Hi Ken,
Probably the best way to do that is using mhbuild directives.
That is, you can today do stuff like:
#<text/plain; charset=utf-8
[... utf-8 text here ...]
#<text/plain; charset=iso-8859-1
[... iso-8859-1 text here ...]
#<text/html; charset=utf-8
[... HTML text here ...]
The input to mhbuild can be that, it's true, though a text editor might
only handle it in the C locale. And then nmh treats a NUL byte as end
of string, e.g. charset=ucs-2le doesn't work.

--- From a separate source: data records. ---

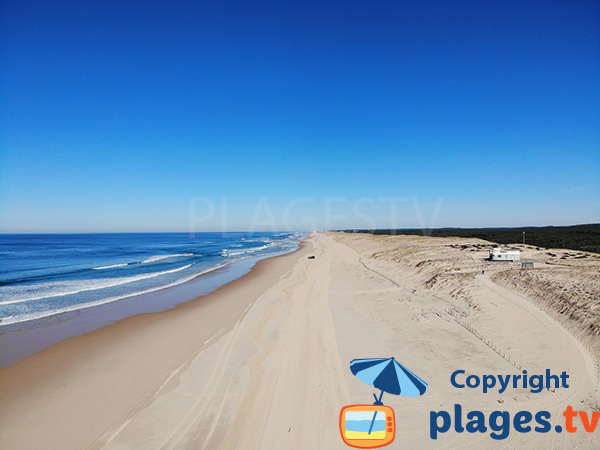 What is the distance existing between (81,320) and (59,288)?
10917 millimetres

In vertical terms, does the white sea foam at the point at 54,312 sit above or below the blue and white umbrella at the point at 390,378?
below

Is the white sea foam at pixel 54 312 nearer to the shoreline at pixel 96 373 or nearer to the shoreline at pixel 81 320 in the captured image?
the shoreline at pixel 81 320

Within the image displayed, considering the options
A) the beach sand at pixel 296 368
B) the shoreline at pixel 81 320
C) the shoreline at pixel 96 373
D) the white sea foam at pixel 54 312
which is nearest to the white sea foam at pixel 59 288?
the white sea foam at pixel 54 312

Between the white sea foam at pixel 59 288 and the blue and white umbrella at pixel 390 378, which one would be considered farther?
the white sea foam at pixel 59 288

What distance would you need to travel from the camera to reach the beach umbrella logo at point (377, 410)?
19.4 ft

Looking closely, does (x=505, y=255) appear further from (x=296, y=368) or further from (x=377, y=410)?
(x=377, y=410)

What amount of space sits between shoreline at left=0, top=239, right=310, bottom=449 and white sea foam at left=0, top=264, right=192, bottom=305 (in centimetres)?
1000

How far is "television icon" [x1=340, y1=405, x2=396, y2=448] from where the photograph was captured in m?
5.83

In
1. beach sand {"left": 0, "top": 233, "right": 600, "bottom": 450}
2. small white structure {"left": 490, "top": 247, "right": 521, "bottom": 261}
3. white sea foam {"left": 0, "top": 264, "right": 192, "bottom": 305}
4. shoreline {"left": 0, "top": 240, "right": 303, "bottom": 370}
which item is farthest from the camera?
small white structure {"left": 490, "top": 247, "right": 521, "bottom": 261}

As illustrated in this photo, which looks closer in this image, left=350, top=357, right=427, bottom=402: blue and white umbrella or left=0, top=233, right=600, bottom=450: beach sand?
left=0, top=233, right=600, bottom=450: beach sand

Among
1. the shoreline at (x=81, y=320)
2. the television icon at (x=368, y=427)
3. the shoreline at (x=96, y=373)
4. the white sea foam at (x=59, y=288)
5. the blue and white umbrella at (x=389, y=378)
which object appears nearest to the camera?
the television icon at (x=368, y=427)

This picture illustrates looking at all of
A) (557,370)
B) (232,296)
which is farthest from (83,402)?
(557,370)

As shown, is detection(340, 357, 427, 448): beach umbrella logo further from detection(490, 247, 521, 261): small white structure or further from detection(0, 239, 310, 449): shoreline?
detection(490, 247, 521, 261): small white structure

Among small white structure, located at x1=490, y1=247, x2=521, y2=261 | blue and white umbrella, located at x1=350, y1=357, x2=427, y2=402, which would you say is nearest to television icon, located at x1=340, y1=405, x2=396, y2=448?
blue and white umbrella, located at x1=350, y1=357, x2=427, y2=402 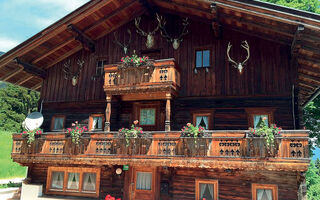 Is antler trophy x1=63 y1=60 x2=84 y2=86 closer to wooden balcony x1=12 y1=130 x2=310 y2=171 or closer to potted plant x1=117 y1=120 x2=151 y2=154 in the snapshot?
wooden balcony x1=12 y1=130 x2=310 y2=171

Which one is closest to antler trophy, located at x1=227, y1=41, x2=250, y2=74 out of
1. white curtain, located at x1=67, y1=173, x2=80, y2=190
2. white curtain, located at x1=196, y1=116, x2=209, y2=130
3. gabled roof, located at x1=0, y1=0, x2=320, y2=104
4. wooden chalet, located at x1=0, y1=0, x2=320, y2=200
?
wooden chalet, located at x1=0, y1=0, x2=320, y2=200

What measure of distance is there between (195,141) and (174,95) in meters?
3.62

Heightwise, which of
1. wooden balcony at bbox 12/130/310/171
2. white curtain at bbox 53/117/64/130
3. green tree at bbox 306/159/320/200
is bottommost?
green tree at bbox 306/159/320/200

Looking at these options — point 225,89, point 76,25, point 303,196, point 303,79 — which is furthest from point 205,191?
point 76,25

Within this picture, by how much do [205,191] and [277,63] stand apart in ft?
26.5

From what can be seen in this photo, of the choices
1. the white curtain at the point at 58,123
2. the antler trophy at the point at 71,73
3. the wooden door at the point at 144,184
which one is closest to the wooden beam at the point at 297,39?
the wooden door at the point at 144,184

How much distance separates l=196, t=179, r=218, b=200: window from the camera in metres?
14.5

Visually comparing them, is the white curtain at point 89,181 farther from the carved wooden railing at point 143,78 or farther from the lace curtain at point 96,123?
the carved wooden railing at point 143,78

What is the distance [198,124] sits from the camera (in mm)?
→ 16031

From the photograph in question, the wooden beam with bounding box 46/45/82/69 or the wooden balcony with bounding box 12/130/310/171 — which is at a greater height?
the wooden beam with bounding box 46/45/82/69

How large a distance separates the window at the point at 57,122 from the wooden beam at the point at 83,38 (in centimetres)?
536

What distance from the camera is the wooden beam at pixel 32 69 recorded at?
18.8 metres

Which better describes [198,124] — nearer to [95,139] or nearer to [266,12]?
[95,139]

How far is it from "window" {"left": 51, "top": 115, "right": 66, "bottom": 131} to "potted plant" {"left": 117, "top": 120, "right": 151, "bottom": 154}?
6997mm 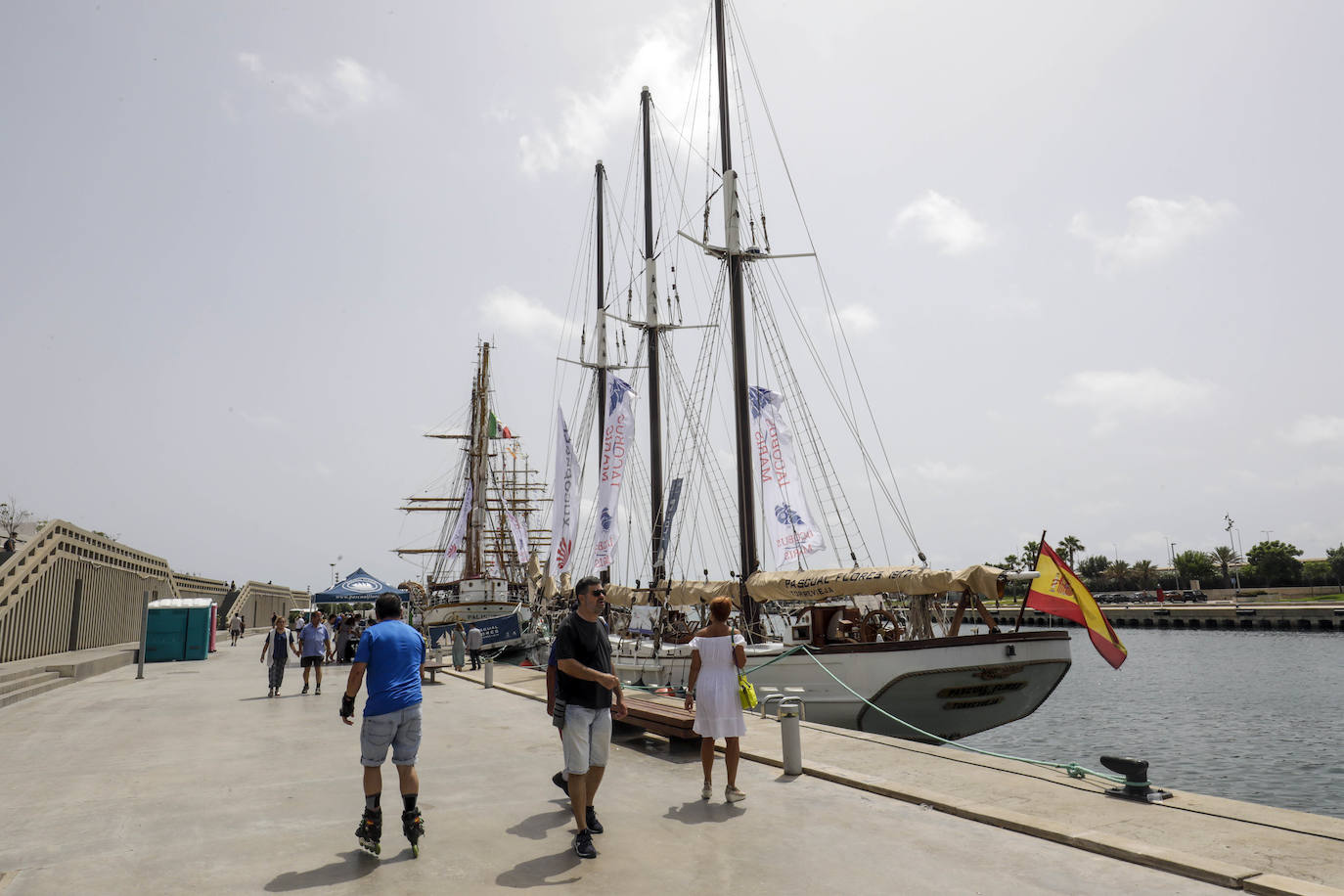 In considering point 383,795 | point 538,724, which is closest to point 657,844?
point 383,795

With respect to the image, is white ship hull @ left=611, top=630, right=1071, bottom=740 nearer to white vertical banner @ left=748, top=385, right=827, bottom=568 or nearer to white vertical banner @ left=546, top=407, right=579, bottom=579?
white vertical banner @ left=748, top=385, right=827, bottom=568

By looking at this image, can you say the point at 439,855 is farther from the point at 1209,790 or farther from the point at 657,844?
the point at 1209,790

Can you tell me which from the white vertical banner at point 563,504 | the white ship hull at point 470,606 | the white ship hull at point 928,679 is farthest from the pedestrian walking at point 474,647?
the white ship hull at point 470,606

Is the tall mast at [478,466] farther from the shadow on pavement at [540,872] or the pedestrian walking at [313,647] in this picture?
the shadow on pavement at [540,872]

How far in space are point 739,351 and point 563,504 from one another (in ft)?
32.1

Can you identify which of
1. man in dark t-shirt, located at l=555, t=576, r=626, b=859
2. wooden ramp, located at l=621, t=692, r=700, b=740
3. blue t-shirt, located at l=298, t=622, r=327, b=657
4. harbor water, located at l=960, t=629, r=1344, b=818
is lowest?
harbor water, located at l=960, t=629, r=1344, b=818

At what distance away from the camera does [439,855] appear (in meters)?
5.66

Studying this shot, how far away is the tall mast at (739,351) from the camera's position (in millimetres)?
21234

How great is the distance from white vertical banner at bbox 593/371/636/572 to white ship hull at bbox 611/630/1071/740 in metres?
10.8

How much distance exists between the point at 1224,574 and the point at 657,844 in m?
132

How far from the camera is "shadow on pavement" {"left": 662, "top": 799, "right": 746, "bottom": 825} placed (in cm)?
659

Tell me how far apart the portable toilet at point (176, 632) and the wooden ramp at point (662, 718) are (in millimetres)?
25383

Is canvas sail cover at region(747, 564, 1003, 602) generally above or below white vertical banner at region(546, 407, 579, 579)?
below

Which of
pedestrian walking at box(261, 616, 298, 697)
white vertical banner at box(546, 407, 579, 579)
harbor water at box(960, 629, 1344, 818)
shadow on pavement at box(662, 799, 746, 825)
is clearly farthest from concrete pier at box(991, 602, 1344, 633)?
shadow on pavement at box(662, 799, 746, 825)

Worse than just
truncating the UCS-2LE input, it causes corruption in earlier parts in
this experiment.
$ cat build
#! /bin/bash
(
printf '%s\n' \
'subject: Test.' \
'' \
'Disappears.' \
'#<text/plain; charset=iso-8859-1' \
$'Fiat: $ \xa3' \
'#<text/plain; charset=ucs-2le'
iconv -t ucs-2le <<<'† Footnote.'
) >draft
sed -n l draft
echo
cp draft mimed
mhbuild -list -realsize -headers -verbose mimed
echo
sed -n l mimed
$
$ ./build
subject: Test.$
$
Disappears.$
#<text/plain; charset=iso-8859-1$
Fiat: $ \243$
#<text/plain; charset=ucs-2le$
¹ \000F\000o\000o\000t\000n\000o\000t\000e\000.\000$
\000$
msg part type/subtype size description
0 multipart/mixed 99
boundary="----- =_aaaaaaaaaa0"
1 text/plain 34
charset="UTF-8"
2 text/plain 3
charset="ucs-2le"
subject: Test.$
MIME-Version: 1.0$
Content-Type: multipart/mixed; boundary="----- =_aaaaaaaaaa0"$
Content-ID:
<21398(_dot_)1623492782(_dot_)0(_at_)orac(_dot_)inputplus(_dot_)co(_dot_)uk>$
Content-Transfer-Encoding: 8bit$
$
------- =_aaaaaaaaaa0$
Content-Type: text/plain; charset="UTF-8"$
Content-ID:
<21398(_dot_)1623492782(_dot_)1(_at_)orac(_dot_)inputplus(_dot_)co(_dot_)uk>$
Content-Transfer-Encoding: 8bit$
$
² ain; charset=iso-8859-1$
Fiat: $ \243$
$
------- =_aaaaaaaaaa0$
Content-Type: text/plain; charset="ucs-2le"$
Content-ID:
<21398(_dot_)1623492782(_dot_)2(_at_)orac(_dot_)inputplus(_dot_)co(_dot_)uk>$
$
³ $
$
------- =_aaaaaaaaaa0--$
$
1. sed happily displays the NUL bytes in the draft.
2. The ‘Disappears’ part in the draft has vanished. The Fiat part
starts with part of the preceding directive. Altering the length of the
UCS-2LE part changes how far back this part erroneously starts;
I suspect some pointer subtraction.
3. All that makes it into the UCS-2LE part is the three spaces which
represent the first three-quarters of the U+2020 dagger and its
following U+0020 space.
This isn't a complaint, just passing on the observation having made the
effort.
--
Cheers, Ralph.